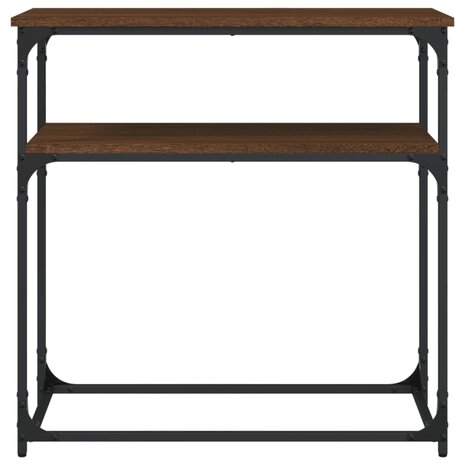 Wandtafel 75x35,5x75 cm bewerkt hout bruin eikenkleur 4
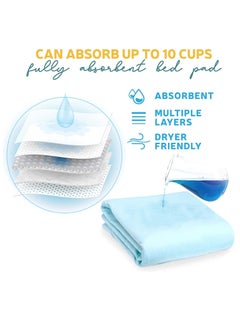 Medigen 25-Piece Disposable Changing Pads, Baby Underpads, Waterproof Diaper Changing Pads, Bed Table Protector Mat 90x60cm  - Image 2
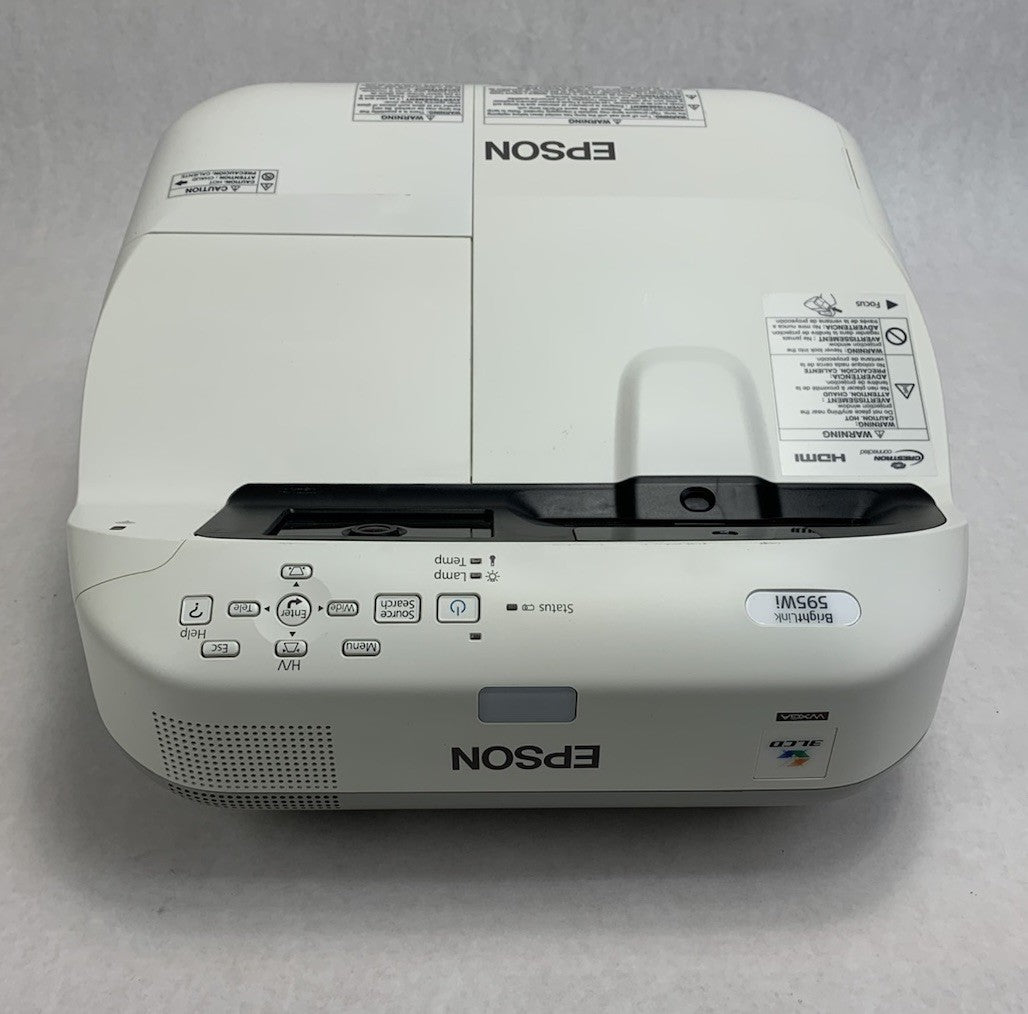Epson H599A BrightLink 595Wi LCD Lamp Projector 1351 Lamp Hours No Remote3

• Action item: Retype, word for word, the line containing "Medigen 25-Piece Disposable" and each line after it through the end of the data, leaving any picture out.

• Your response:
 Medigen 25-Piece Disposable Changing Pads, Baby Underpads, Waterproof Diaper Changing Pads, Bed Table Protector Mat 90x60cm  - Image 2
Epson H599A BrightLink 595Wi LCD Lamp Projector 1351 Lamp Hours No Remote3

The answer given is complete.